There are two books you need to read to build your philosophy: Think and Grow Rich by Napoleon Hill and The Richest Man in Babylon by George S. Clason.
4. Keep a journal.
A journal is a gathering place for all of our observations and discoveries about life. It’s our own handwritten transcript that captures our experiences, ideas, desires and conclusions about the people and the events that have touched our lives. The past, when properly documented, is one of the best guides for making good decisions.
The very act of writing about our lives helps us think more objectively about our actions. Writing tends to slow down the flow of information and gives us time to analyze and ponder the experience. The intense scrutiny of journal writing can enable us to make refinements in our philosophy that are truly life-changing.

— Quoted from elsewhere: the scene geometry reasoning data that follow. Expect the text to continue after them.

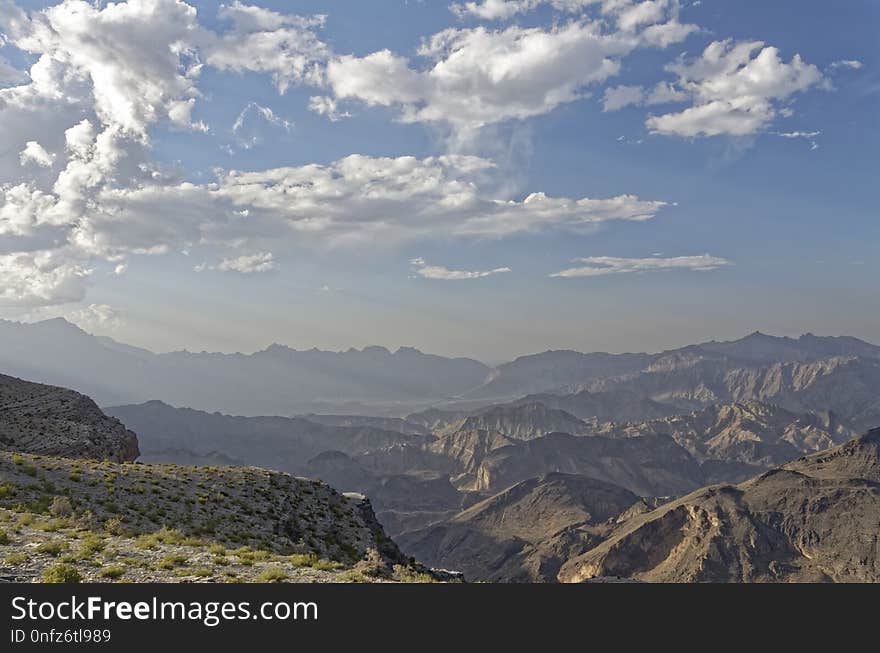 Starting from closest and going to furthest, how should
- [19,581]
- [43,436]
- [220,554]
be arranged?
1. [19,581]
2. [220,554]
3. [43,436]

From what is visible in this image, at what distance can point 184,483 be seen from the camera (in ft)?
124

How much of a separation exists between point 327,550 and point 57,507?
552 inches

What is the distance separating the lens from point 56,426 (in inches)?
2384

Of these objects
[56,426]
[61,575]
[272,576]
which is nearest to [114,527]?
[61,575]

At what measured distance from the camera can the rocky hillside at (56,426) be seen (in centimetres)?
5369

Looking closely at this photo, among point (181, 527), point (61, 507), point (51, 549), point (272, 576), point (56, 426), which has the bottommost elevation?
point (181, 527)

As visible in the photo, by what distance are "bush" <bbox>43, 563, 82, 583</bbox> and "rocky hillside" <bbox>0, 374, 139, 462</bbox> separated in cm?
4211

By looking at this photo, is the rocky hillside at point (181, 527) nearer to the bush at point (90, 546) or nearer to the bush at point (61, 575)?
the bush at point (90, 546)

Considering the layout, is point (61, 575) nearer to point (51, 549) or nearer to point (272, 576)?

Jot down what you learn and be a buyer of empty books. It’s the small disciplines that lead to great accomplishments.
5. Observe and listen.
Pay attention during your day, watch what’s going on. Surround yourself with people you respect and admire. Find people whose personalities and achievements stimulate, fascinate and inspire you, and then strive to assimilate their best qualities. This is called the skill of selecting. Don’t waste your time on the silly and the shallow.
One of the major reasons people don’t do well is because they keep trying to get through the day while a more worthy cause is to get from the day. We must become sensitive enough to observe and ponder what is happening around us. Be alert. Be awake. Often the most extraordinary opportunities are hidden among seemingly insignificant events.
Be a good listener. Find a voice of value and stay for a while. With so many voices vying for your attention, you need to develop the skill of selective listening and only dial into the radio station that appeals to you. If a voice is not leading to the achievement of your goals, exercise caution in how long you listen.
6. Be disciplined.
Every day is filled with dozens of personal crossroads, moments when we’re called upon to make a decision regarding minor as well as major questions. These decisions chart a path to a future destination. With careful mental preparation, we can make wise choices.
The development of a sound philosophy prepares us for making sound decisions. When we eat healthy foods, we experience positive results in a short time. When we start exercising, we feel a new vitality almost immediately. When we begin reading, we experience a growing awareness and a new level of self-confidence.
New disciplines practiced daily will produce exciting results. The magic of new disciplines causes us to amend our thinking.
7. Don’t neglect.
Neglect is the major reason people don’t have what they want. If you don’t take care of things in your life, neglect becomes a disease. If you neglect to do good things with your money, you probably neglect to do good things with your time. If you don’t know what’s going on with your health or your bank account, you could be at risk.
Set up new disciplines to change your life. Don’t neglect. Everything is within our reach if we will read books, use journals, practice the disciplines and wage a new and vigorous battle against neglect.
Build your philosophy. Commit yourself to a new journey and say, I’m going to change my life. Once you do, you’ll never look back.